We made many attempts to encourage the agent to use the Scottbot tool. Firstly, we made the Scottbot tool description explicitly clear: “If there is any mention of Scottbot in the user’s question, use this tool”. Yet it was as though this order fell on deaf ears. We tried again with the slightly ridiculous description for the Scott Logic tool “If Scottbot is mentioned, do not use this tool”. Disappointedly, the agent still used the Scott Logic tool.

My next thought was that the overarching system prompt leaned heavily towards use of the Scott Logic tool: “If no context is given, assume the Scott Logic tool should be used”. However, having removed this and then later even attempting a direct summons within the system prompt: “If there is any mention of Scottbot in the user’s question, use the Scottbot tool” (matching the tool description), there was no real change in functionality.

After further research on agents, the idea of “agent instructions” surfaced. For some, this had been useful for guiding the agent’s decision. I started with a subtle prompt “Use the relevant tool before reverting to Scott Logic tool. With no avail, I tried again with another direct command “if there is any mention of Scottbot, use the Scottbot tool”. Still no luck.

Scott Logic tool invocation In this example, the agent tries to use the ScottLogic tool, does not find any information and then tries the Scottbot Tool.

Success

It was only after we asked the bot what its own thinking was, that it gave an insight to why it was picking certain tools over others. One question it would continuously use the wrong tool for, and thus respond incorrectly, was “who are the stakeholders for Scottbot?”. I asked the bot why it continually chose the Scott Logic tool over the Scottbot tool for this, and it simply replied “I thought that Scott Logic being the parent company of Scottbot, would be more likely to hold information on the stakeholders of this project.” It was a convincing point. I asked what would be a better prompt, to which it encouraged using examples, ie “Use this tool for anything to do with Scottbot, including features, the development process and stakeholders.” This prompt worked every time.

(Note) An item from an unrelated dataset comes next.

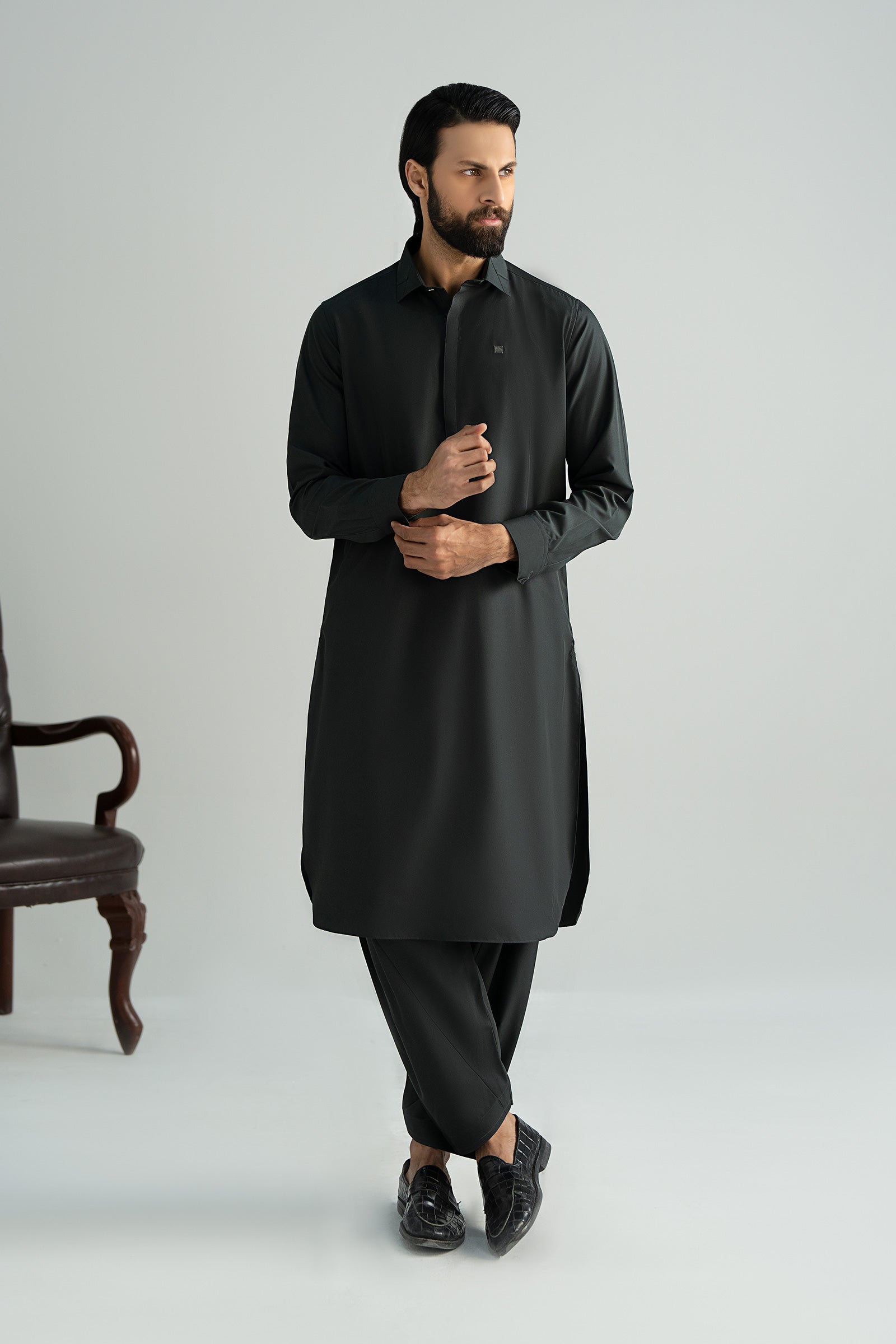 Graphite Cut-and-Sew Blended Kurta Shalwar (2-Piece) - Image 5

I know what you may be thinking, “doesn’t the LLM just hallucinate, you can’t trust its self reflections”. I would agree, to a point. However my thought process was, if this was a likely thing for it to say, it’s also a probable way that it did reason within the agent. Therefore, though it’s important to take everything it says with a pinch of salt, we can still use the method of asking its reasoning, as a tool for further development.

This outcome also highlights the importance of giving examples, or “few shot prompting” as it’s called in AI jargon. This gives the agent a context for the type of decision to make. It also highlights more obscure cases that should be taken into account, in our case, this was the tool’s knowledge of stakeholders.

A successful Scottbot reply to 'what are Scottbot's abilities?' A successful response

After having finished working on this agent, it has now come to light that it is possible to log the inner workings of LangChain if we used a different agent model. We are currently using ‘OpenAI Functions’ as our agent type, a choice made because of its superior speed and accuracy. However, it is a blackbox which we cannot see through to the inner thinking, whereas if we used a different model such as the ‘Zero-shot ReAct’ type, we would see its thought processed logged.

Conclusion

In conclusion, LLMs as we all know, are highly unpredictable and developing apps with them requires a completely new approach to conventional programming. Furthermore, the field is fast-paced, with new developments being churned out every month, putting new abilities at our disposal. I hope this article goes to show that with a bit of perseverance, and a willingness to try new things, we can see our LLM powered applications become usable, and maybe even one day, trustworthy.